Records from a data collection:
::::::::

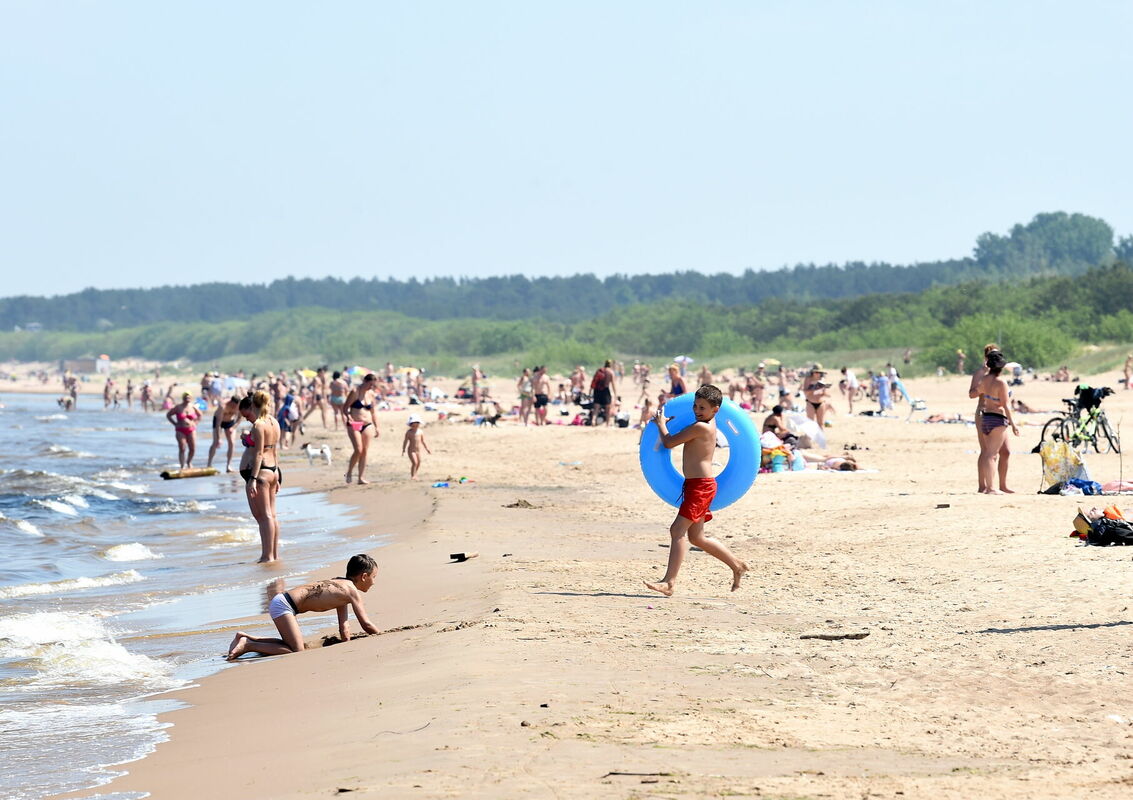 Cilvēki atpūšas Vecāķu pludmalē. Foto: Zane Bitere/LETA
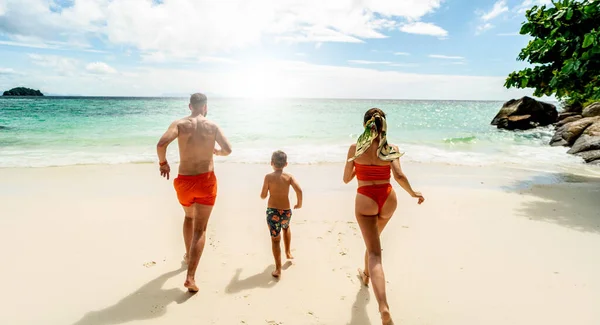 가족들 해변에서 즐거운 시간을 보내고 있습니다 아버지 어머니 아들이 달아나요 — 스톡 사진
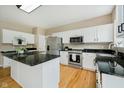 Well-lit kitchen with white cabinetry, a center island, and modern appliances at 12490 Windbush Way, Carmel, IN 46033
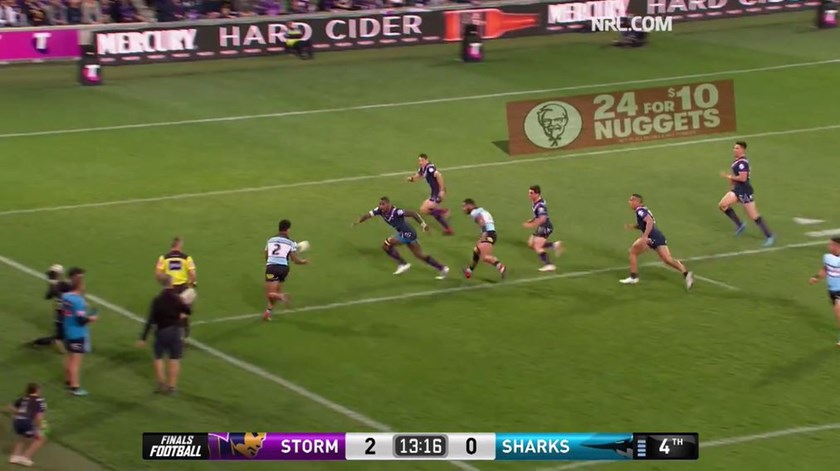 Billy Slater prepares to cut off Sosaia Feki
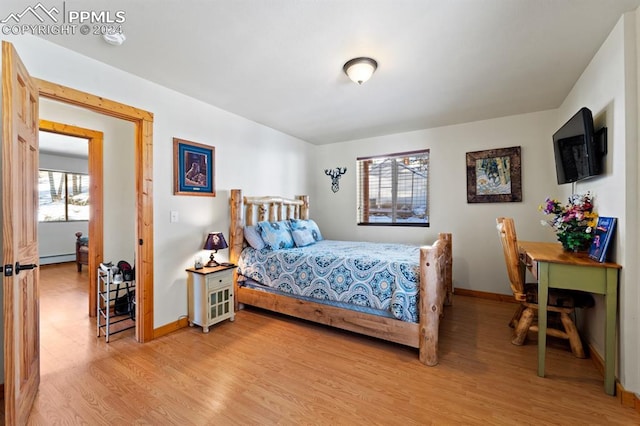 bedroom featuring wood-type flooring and baseboard heating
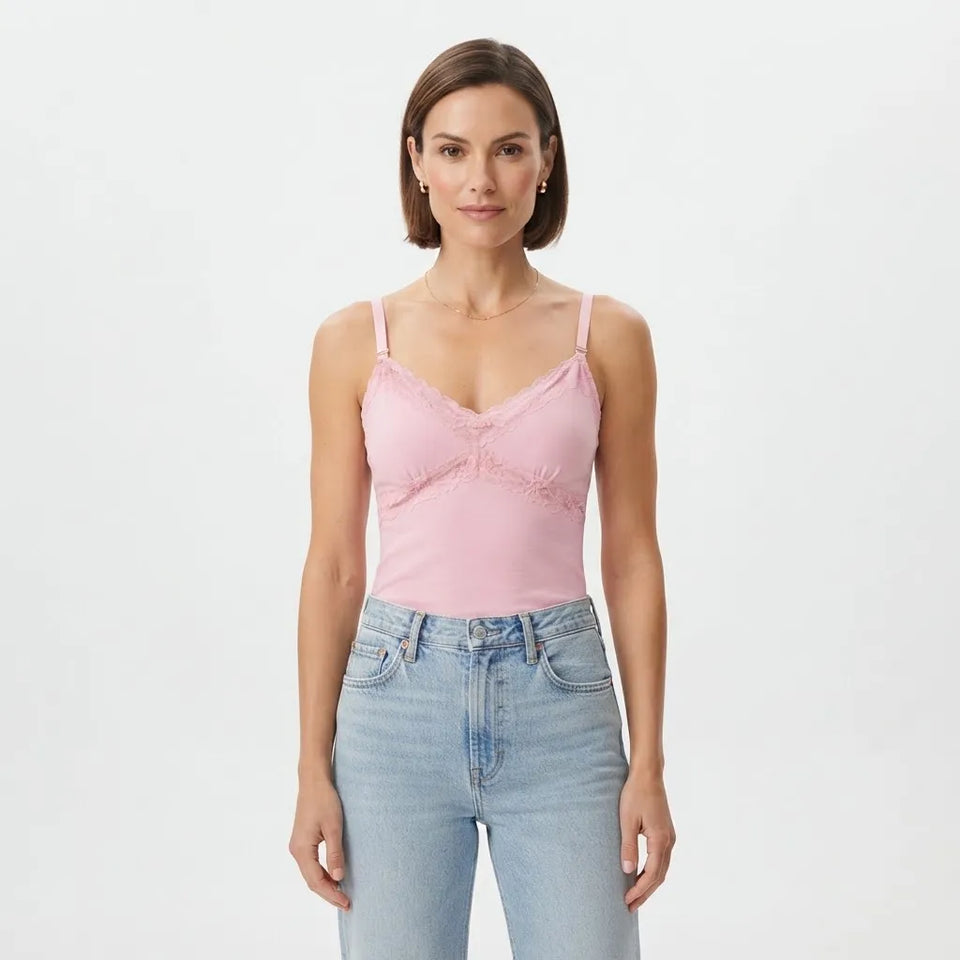 A woman modeling a light pink camisole top with delicate lace trim and ruffle details, paired with light-wash blue jeans, against a plain white studio background.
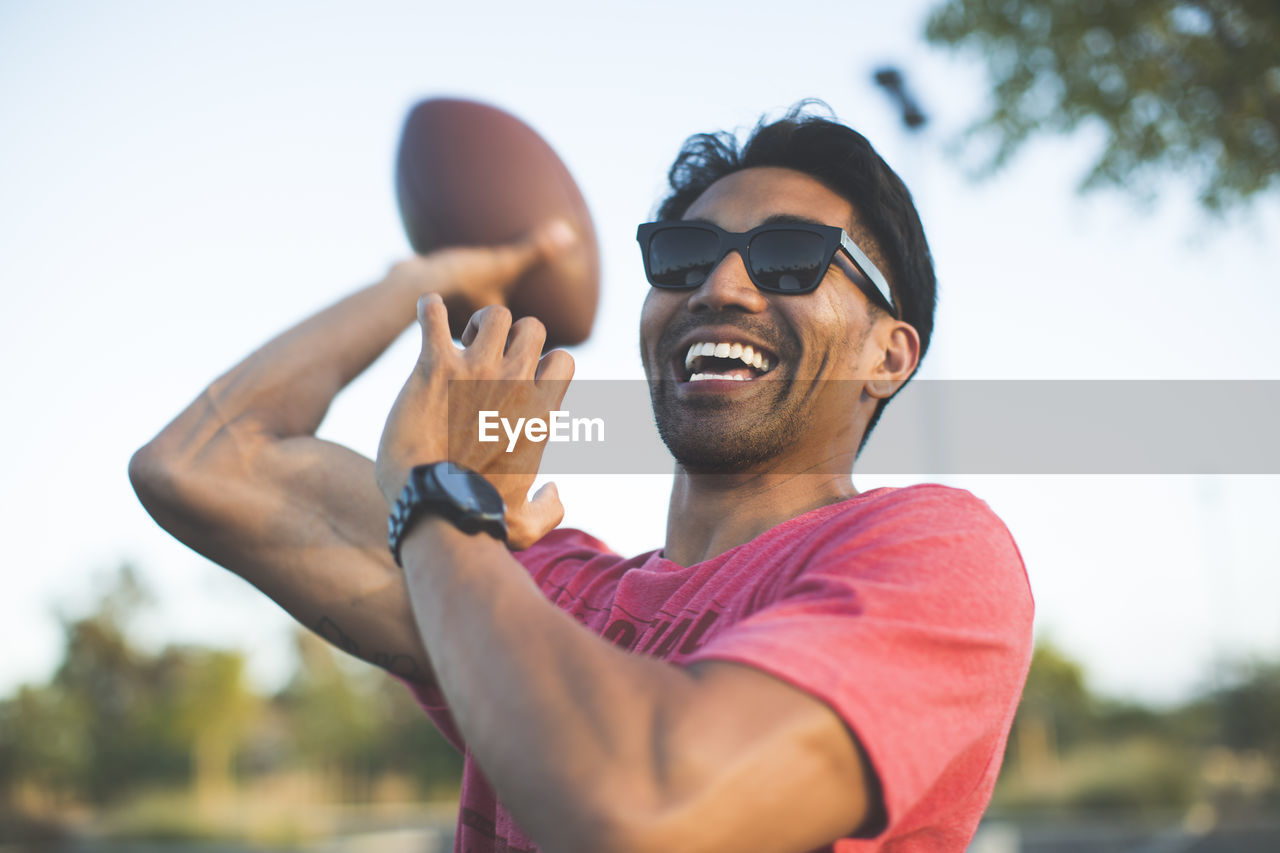 Cheerful man in sunglasses playing with american football against sky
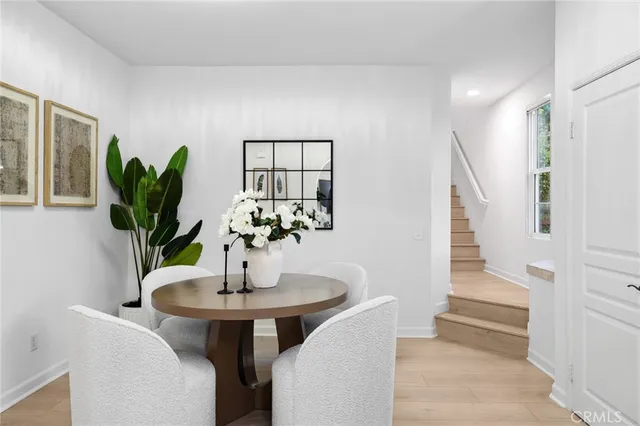 a living room with furniture a table and a potted plant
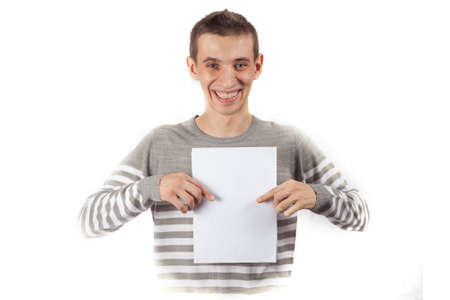 The young guy smiles in all his mouth and shows the blank placard. Mocup for advertising.の写真素材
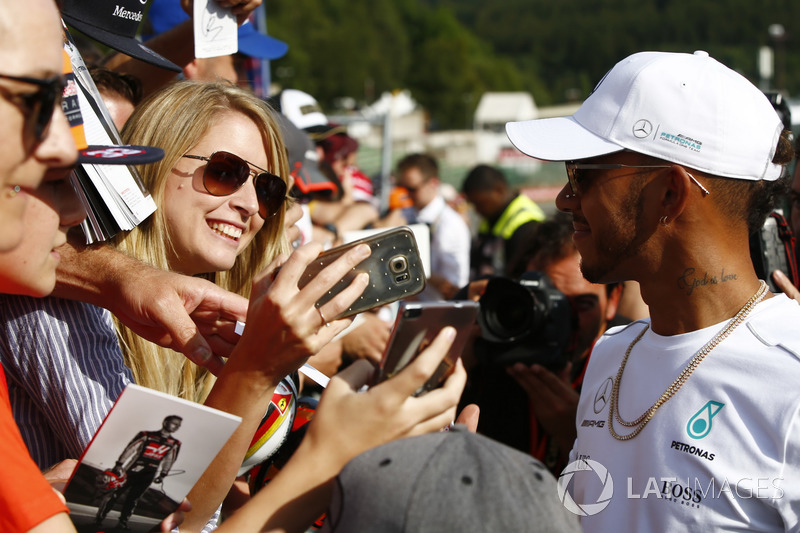 Lewis Hamilton, Mercedes AMG F1, signs autographs for fans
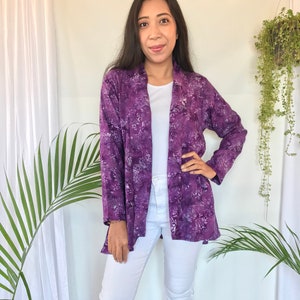 May include: A purple open-front jacket with a floral pattern. The jacket is worn over a white top and paired with white pants. The jacket's design features shades of purple and white.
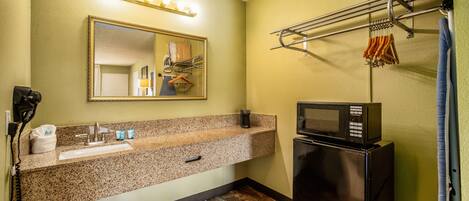 A bathroom with a sink, mirror, vanity, and a microwave.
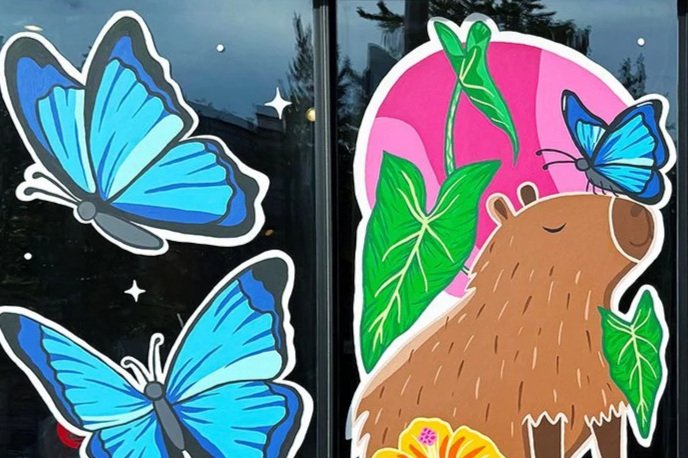 Close-up of blue morpho butterflies painted beside a capybara mural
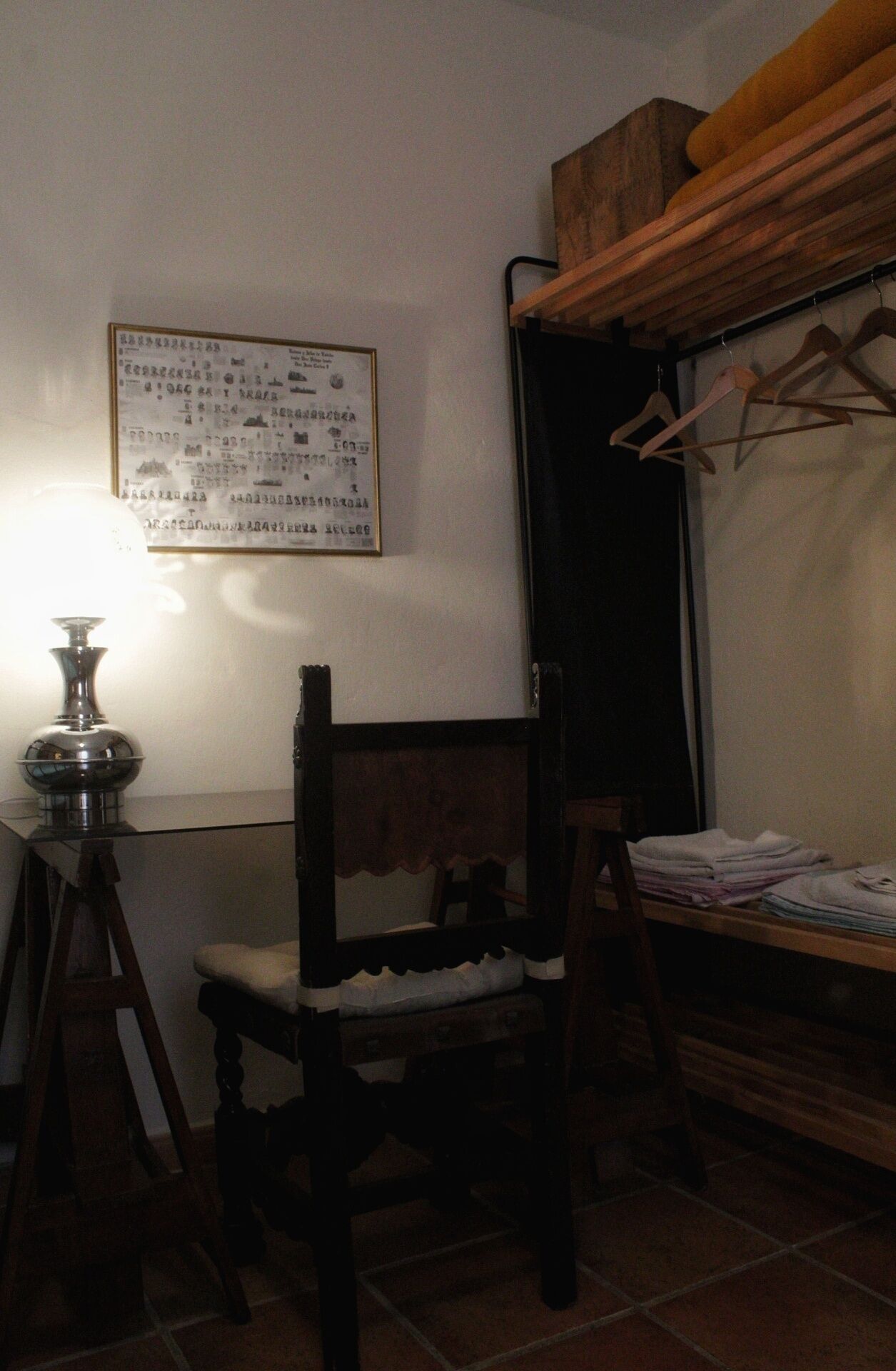 Une pièce comprenant une chaise en bois, une petite table avec une lampe et un porte-manteau fixé au mur.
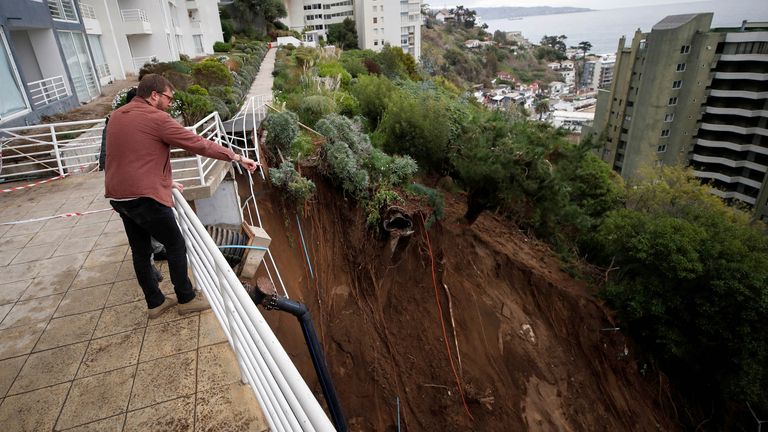 A person standing at a building complex points at a landslide after heavy rains hit Vina del Mar, Chile June 9, 2024. REUTERS/Rodrigo Garrido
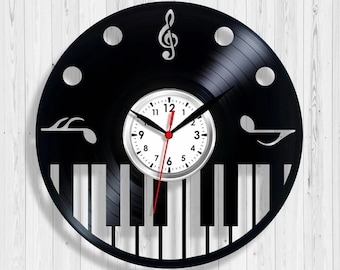 May include: A black vinyl record clock with a white clock face and red second hand. The clock features a piano keyboard design at the bottom and musical notes and a treble clef cut out of the record. The clock is mounted on a white wooden background.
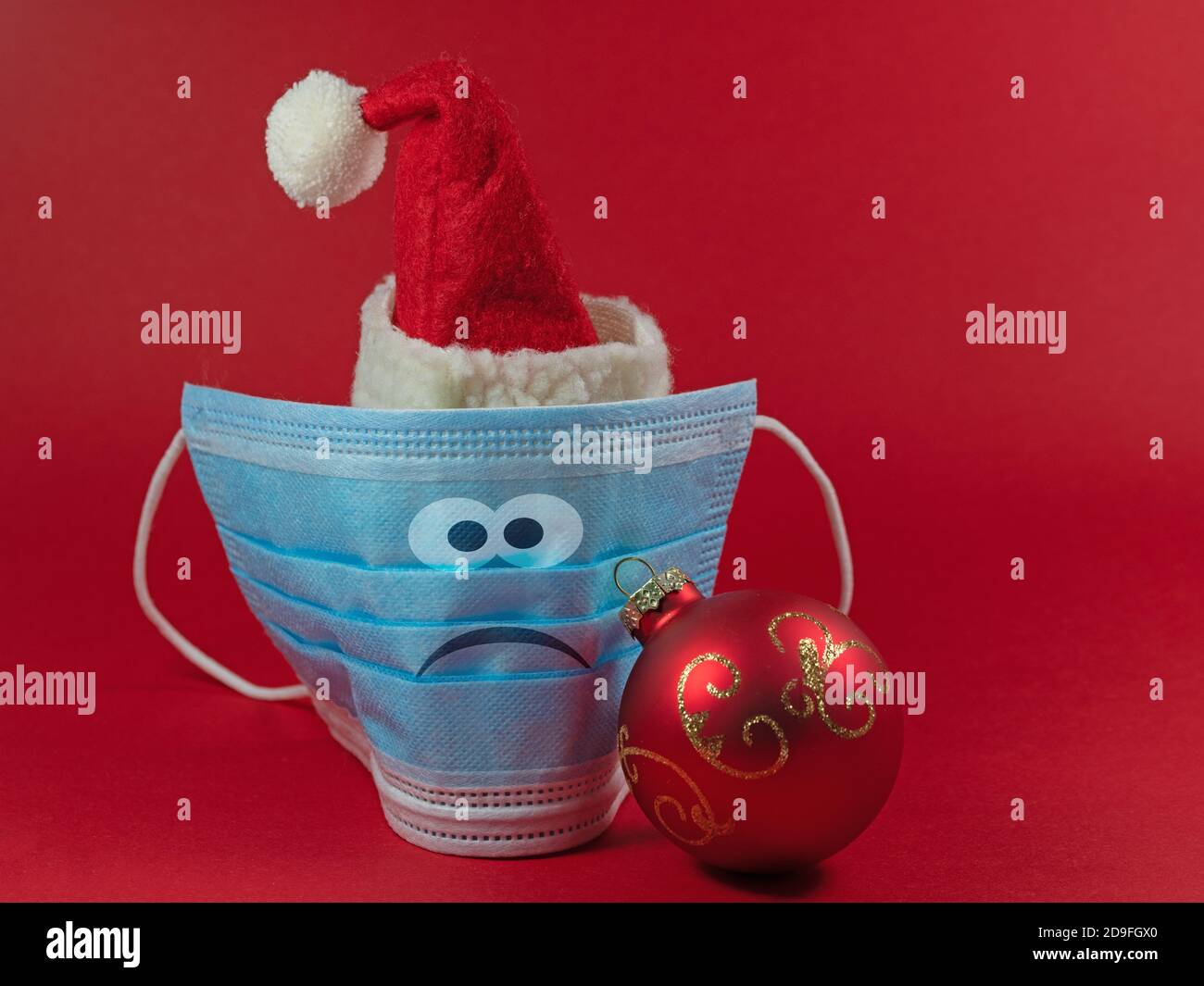 Masque avec chapeau de Père Noël et visage dans un mauvaise humeur Banque D'Images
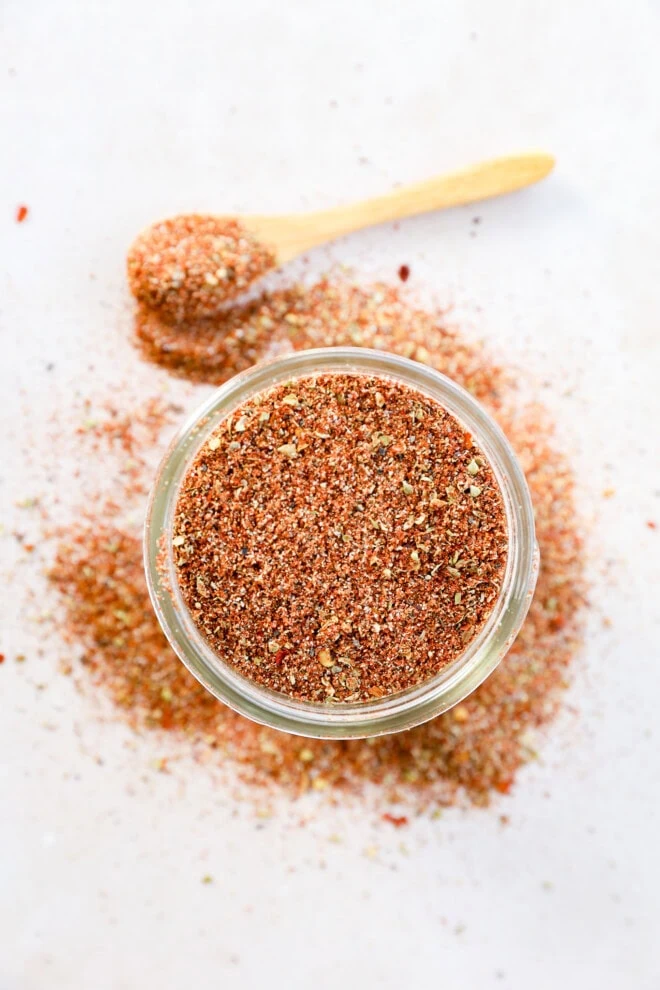 mason jar of seasoning with a spoon to the side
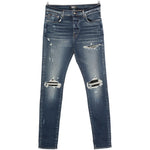 Jeans con strappi in blu Amiri - uomo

::::::::

**YOUR TASK**
The data above are to be repeated word for word, with any pictures left out.

**ANSWER TO THE PROBLEM**
 Cilvēki atpūšas Vecāķu pludmalē. Foto: Zane Bitere/LETA
 가족들 해변에서 즐거운 시간을 보내고 있습니다 아버지 어머니 아들이 달아나요 — 스톡 사진
 Well-lit kitchen with white cabinetry, a center island, and modern appliances at 12490 Windbush Way, Carmel, IN 46033
 Billy Slater prepares to cut off Sosaia Feki
 bedroom featuring wood-type flooring and baseboard heating
 A woman modeling a light pink camisole top with delicate lace trim and ruffle details, paired with light-wash blue jeans, against a plain white studio background.
 Cheerful man in sunglasses playing with american football against sky
 a living room with furniture a table and a potted plant
 The young guy smiles in all his mouth and shows the blank placard. Mocup for advertising.の写真素材
 Lewis Hamilton, Mercedes AMG F1, signs autographs for fans
 May include: A purple open-front jacket with a floral pattern. The jacket is worn over a white top and paired with white pants. The jacket's design features shades of purple and white.
 A bathroom with a sink, mirror, vanity, and a microwave.
 Close-up of blue morpho butterflies painted beside a capybara mural
 Une pièce comprenant une chaise en bois, une petite table avec une lampe et un porte-manteau fixé au mur.
 A person standing at a building complex points at a landslide after heavy rains hit Vina del Mar, Chile June 9, 2024. REUTERS/Rodrigo Garrido
 May include: A black vinyl record clock with a white clock face and red second hand. The clock features a piano keyboard design at the bottom and musical notes and a treble clef cut out of the record. The clock is mounted on a white wooden background.
 Masque avec chapeau de Père Noël et visage dans un mauvaise humeur Banque D'Images
 mason jar of seasoning with a spoon to the side
 Jeans con strappi in blu Amiri - uomo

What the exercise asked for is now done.